Les théories plus ou moins complotistes sont d’ailleurs fréquemment utilisées par les leaders démagogues et autoritaires qui se multiplient sous toutes les latitudes. Les médias dominants ont pris l’habitude de qualifier ces leaders de « populistes ». Le terme de « populisme » est très commode pour confondre sous ce vocable tous ceux qui sont supposés antisystème. Antisystème veut dire dans les médias dominants : opposé à l’ « économie de marché » et à la « démocratie ». Bien sûr dans le sens où ces termes sont compris par les néolibéraux, « économie de marché » signifie règne des monopoles ou oligopoles économico-financier tandis que « démocratie » veut dire partage du pouvoir entre deux partis dit « de droite » et de « gauche » aux programmes quasi interchangeables.
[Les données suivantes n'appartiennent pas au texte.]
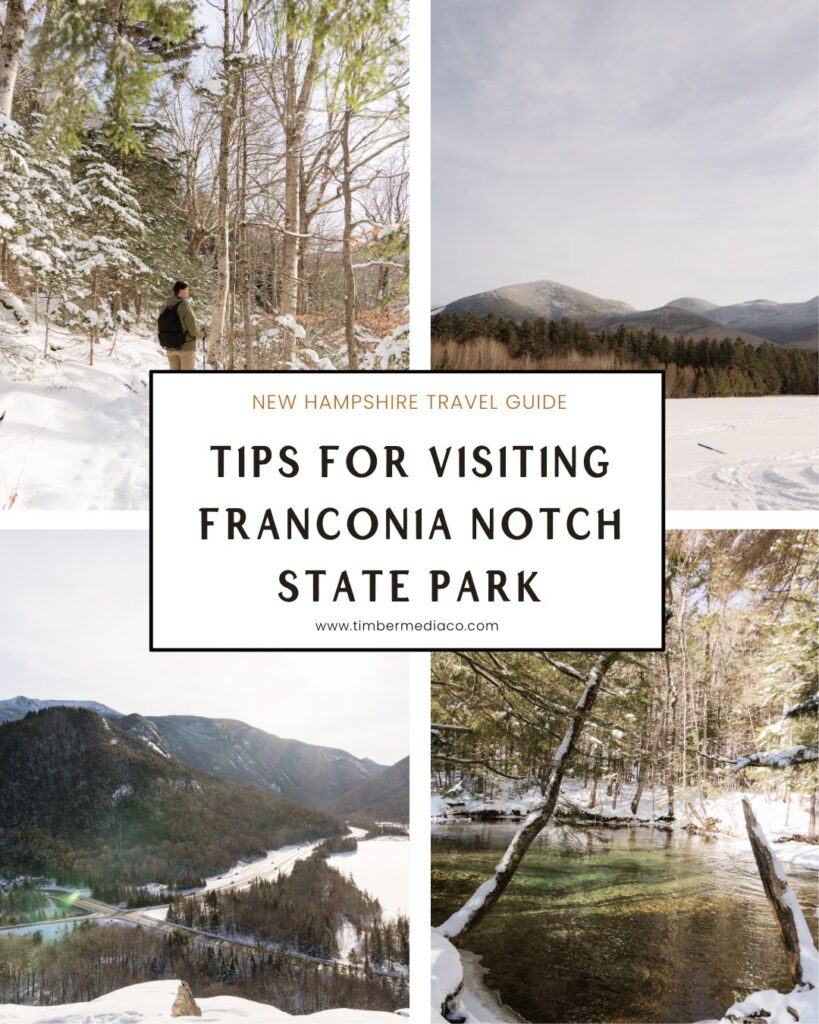 Franconia Notch state park in winter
De la sorte, par un tour de passe-passe sémantique, on englobe sous le même vocable de « populiste » aussi bien l’extrême-droite que la gauche antilibérale (en France, on met sur le même plan Le Pen et Mélenchon).
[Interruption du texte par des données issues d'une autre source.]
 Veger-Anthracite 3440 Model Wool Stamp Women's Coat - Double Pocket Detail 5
Quand ces mouvements arrivent au pouvoir par les urnes ou qu’ils inspirent des états déjà autoritaires, cela contribue à faire encore reculer la démocratie à l’ «échelle internationale». On a ainsi une multiplication des pouvoirs plus ou moins autoritaires mais tous néanmoins élus comme dans les cas de Trump, Poutine, Narendra Modi, Erdogan, Duterte mais aussi en Pologne, en Hongrie, en France, en Espagne, en Israël, au Sri-Lanka, en Malaisie, au Japon, en Argentine, au Chili, au Brésil, etc.
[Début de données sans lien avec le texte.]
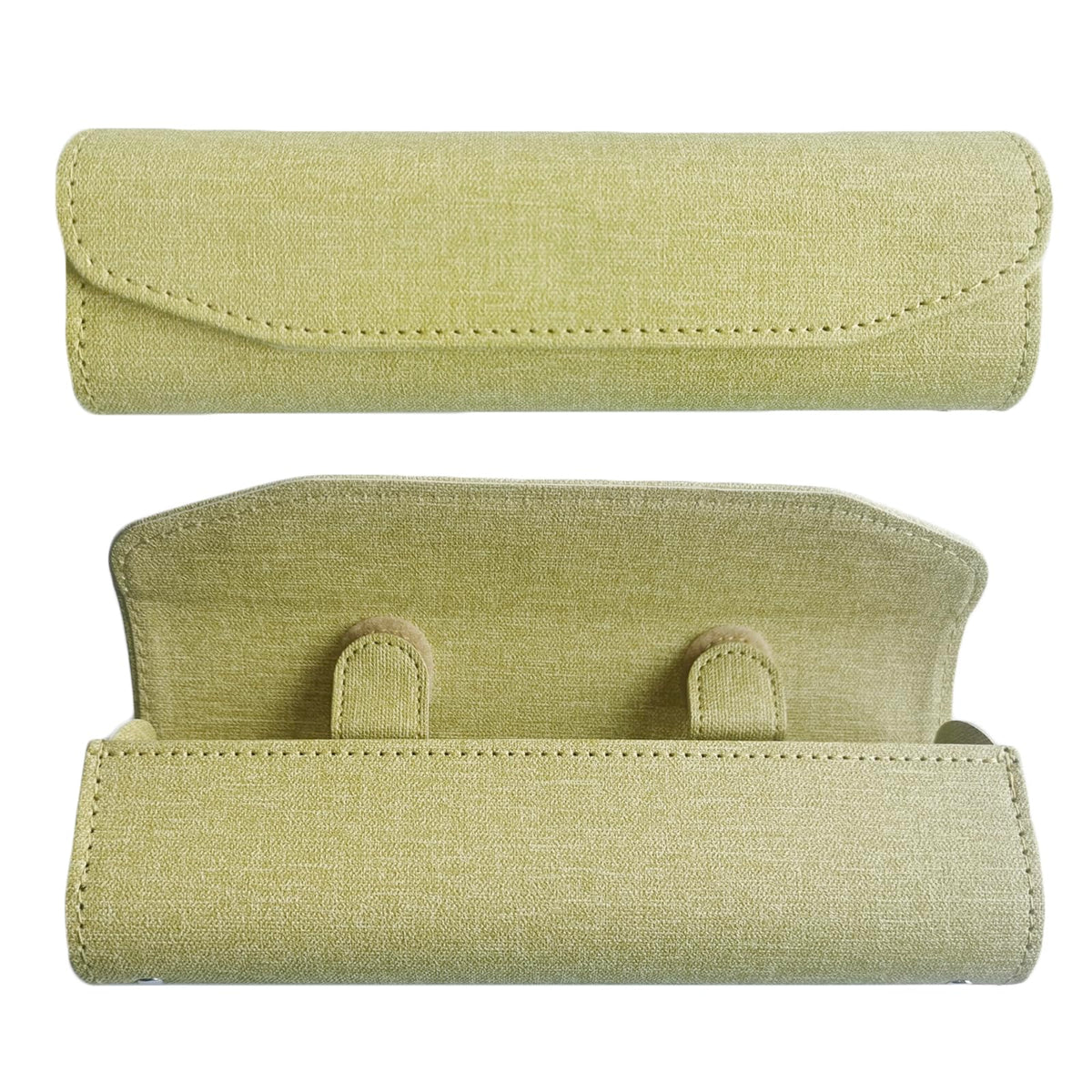 Exterior view of green traderplus PU hard-shell travel case with magnetic clasp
Les personnes ou organisations qui militent avec le plus d’efficacité contre ce système, quand elles deviennent vraiment efficaces donc dangereuses pour le pouvoir, sont qualifiées de terroristes : ex : Assange, Snowden, les « lanceurs d’alerte », les « faucheurs »volontaires », les « zadistes » etc. Tout l’arsenal judiciaire est déployé contre eux.
Les facteurs d’espoir
Nombreux pourtant sont les mouvements et les personnes qui luttent pour améliorer le monde. Que ce soit dans les champs de l’humanitaire, de l’environnement, de l’aide aux réfugiés, mais aussi de l’éducation, de la santé, des alternatives économiques, des médias libres et même de la politique, les initiatives se multiplient depuis les années 90. Après la vague altermondialiste, puis l’essor des gauches latino-américaines, il y a eu les printemps arabes et les divers mouvements « indignés ». Chacune de ces dynamiques a fait avancer les valeurs humaines. Il est remarquable que la plupart de ces mouvements aient rejeté la violence et utilisé des méthodes de lutte pacifiques et non-violentes.
Mais le monde arrive aujourd’hui à une « croisée des chemins » pour paraphraser l’économiste et l’essayiste humaniste argentin Guillermo Sullings. Pour tous ceux qui luttent pour humaniser le monde, il est évident que le désarmement en général et le désarmement nucléaire en particulier sont une priorité urgente. Mais le pouvoir étant global, il est nécessaire d’avancer sur tous les fronts en même temps : politique, diplomatique, financier, économique, social, culturel, scientifique, religieux, etc. La réforme des Nations Unies, la lutte contre le pouvoir financier, la mise en place d’une économie mixte où les nécessités humaines vitales sont mises comme priorité, le développement de la démocratie réelle sont quelques-unes des propositions à même de changer l’ordre du monde. La nécessité de faire converger ces luttes multiples et multiformes est maintenant arrivée. L’image de la Nation Humaine Universelle peut donner une direction à cette convergence et la nonviolence active doit en être la méthodologie d’action.